[XviD-devel] GMC rc3 - TODO

15 Jan 2003 19:36:44 +0100

	Christoph,

On Wed, 2003-01-15 at 18:31, Christoph Lampert wrote:
> On 15 Jan 2003, skal wrote:
> > > P.S. Skal, of course, you _do_ beat the compiler (at least gcc 2.95), but
> > > not as high as I expected, only by about 10%-12% here... Aren't you
> > > tempted to make it at least 50%   >;-) 
> >
> > 	well, the evil temptation would be to keep on optimizing
> > 	a code that is just in test phase so far. Of course there's
> > 	still tricks to inject, but it would be premature, and
> > 	would the code hardly readable...
> 
> Yes, there will be 3-warp-point code, even though it would be better to
> create a separate routine for that, so calculations for the 2-warp-point
> codes are not slowed down. Most likely, these routines (which are under
> very strong restrictions from the standard what their output may be) are
> going to stay as they are. What really _is_ going to change is GME... 

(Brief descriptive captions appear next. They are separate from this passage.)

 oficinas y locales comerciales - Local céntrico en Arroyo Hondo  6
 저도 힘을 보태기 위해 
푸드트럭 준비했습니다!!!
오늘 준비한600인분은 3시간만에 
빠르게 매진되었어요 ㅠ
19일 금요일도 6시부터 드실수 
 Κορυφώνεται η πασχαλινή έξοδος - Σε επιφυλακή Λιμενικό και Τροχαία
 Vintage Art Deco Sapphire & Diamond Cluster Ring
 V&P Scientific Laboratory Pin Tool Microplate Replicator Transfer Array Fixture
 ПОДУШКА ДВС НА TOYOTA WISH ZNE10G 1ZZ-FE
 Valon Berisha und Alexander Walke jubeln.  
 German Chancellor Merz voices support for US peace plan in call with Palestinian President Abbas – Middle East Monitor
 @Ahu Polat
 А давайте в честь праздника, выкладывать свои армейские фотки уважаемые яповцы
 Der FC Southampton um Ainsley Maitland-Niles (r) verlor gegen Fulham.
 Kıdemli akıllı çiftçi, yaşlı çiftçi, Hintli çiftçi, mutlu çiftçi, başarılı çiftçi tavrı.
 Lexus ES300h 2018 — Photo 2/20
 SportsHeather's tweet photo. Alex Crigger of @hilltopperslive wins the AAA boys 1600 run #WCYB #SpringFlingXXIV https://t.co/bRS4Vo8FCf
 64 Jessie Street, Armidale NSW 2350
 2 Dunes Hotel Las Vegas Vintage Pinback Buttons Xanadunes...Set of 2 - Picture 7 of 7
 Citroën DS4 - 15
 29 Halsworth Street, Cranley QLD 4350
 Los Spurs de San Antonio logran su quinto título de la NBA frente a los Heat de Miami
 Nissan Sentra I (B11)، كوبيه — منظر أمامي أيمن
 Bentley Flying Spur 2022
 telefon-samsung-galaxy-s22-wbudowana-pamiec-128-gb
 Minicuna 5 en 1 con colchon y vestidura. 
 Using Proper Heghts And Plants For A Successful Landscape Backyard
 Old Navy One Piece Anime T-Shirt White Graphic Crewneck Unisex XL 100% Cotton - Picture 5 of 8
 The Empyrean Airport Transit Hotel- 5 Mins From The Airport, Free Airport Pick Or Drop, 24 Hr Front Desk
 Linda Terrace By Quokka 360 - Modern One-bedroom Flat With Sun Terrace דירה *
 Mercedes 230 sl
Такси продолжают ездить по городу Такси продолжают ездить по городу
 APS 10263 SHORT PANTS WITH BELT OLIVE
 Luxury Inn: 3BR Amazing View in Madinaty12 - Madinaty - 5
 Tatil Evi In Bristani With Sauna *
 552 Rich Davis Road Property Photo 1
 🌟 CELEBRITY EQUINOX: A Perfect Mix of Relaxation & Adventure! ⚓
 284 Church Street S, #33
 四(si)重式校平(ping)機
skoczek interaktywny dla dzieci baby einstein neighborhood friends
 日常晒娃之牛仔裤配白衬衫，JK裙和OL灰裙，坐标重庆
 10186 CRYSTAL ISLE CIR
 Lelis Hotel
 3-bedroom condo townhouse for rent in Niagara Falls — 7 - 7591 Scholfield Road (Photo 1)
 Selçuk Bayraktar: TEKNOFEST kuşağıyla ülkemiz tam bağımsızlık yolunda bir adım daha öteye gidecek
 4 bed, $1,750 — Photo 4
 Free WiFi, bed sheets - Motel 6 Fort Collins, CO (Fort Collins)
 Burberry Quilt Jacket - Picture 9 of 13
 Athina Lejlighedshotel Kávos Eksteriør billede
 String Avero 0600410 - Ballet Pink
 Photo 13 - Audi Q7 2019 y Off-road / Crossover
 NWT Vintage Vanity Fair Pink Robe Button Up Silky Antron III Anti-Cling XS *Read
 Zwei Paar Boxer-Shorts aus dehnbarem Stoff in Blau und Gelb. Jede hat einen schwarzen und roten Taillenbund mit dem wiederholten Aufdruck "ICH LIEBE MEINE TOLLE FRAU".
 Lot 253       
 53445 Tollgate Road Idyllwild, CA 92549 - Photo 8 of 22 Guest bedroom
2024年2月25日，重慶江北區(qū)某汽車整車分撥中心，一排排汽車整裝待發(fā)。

	Note: the main interpolation loop is the same for 3-warp-point
	case than for the 2-warp-point one.
	Only the gradients (dxF, dyF, dxG, dyG) are different from
	the rotation (Cos,-Sin,Sin,Cos). Actually, the second version
	of xvid_gmc.c I've sent already contains the setup code for
	the case num_wp = 3. Hope i didn't mess reading the ISO.
> 
> 
> > 	For instance, clamping the vector between in [0..W[ and 
> > 	[0..H[ is faster using:
> > 
> > 	int offset = 0;
> > 	if ((uint32_t)F<W) offset = F;
> > 	else if (F>=W) offset = W;
> > 	if ((uint32_t)G<H) offset += G*stride;
> > 	else if (G>=H) offset += H*stride;
> > 
> > 	but rather obfuscated...
> 
> errr, yes. Give me a few hours to think about that, maybe then I'll
> understand ;-)  

	Btw, I've noticed a little 'bug': one should better take the
	residuals (ri, rj) *after* the F/G vector have been clamped
	to width/height. Actually, clamping to [-1,W]/[-1,H] is
	correct if one assumes the edges have been replicated.
	Otherwise, one can use the code:

 int W = gmc_data->W<<4;
 int H = gmc_data->H<<4;

        int offset = 0;  
        uint32_t ri = 0, rj = 0;  
	if ((uint32_t)F<W) { ri = MTab[F&15]; offset = F>>4;  }
        else if (F>=W) offset = W-1;
	if ((uint32_t)G<=H) { rj = MTab[G&15]; offset += (G>>4)*stride;}
        else if (G>=H) offset += (H-1)*stride;

	instead, which does not make such an assumption.

	bye,


		Skal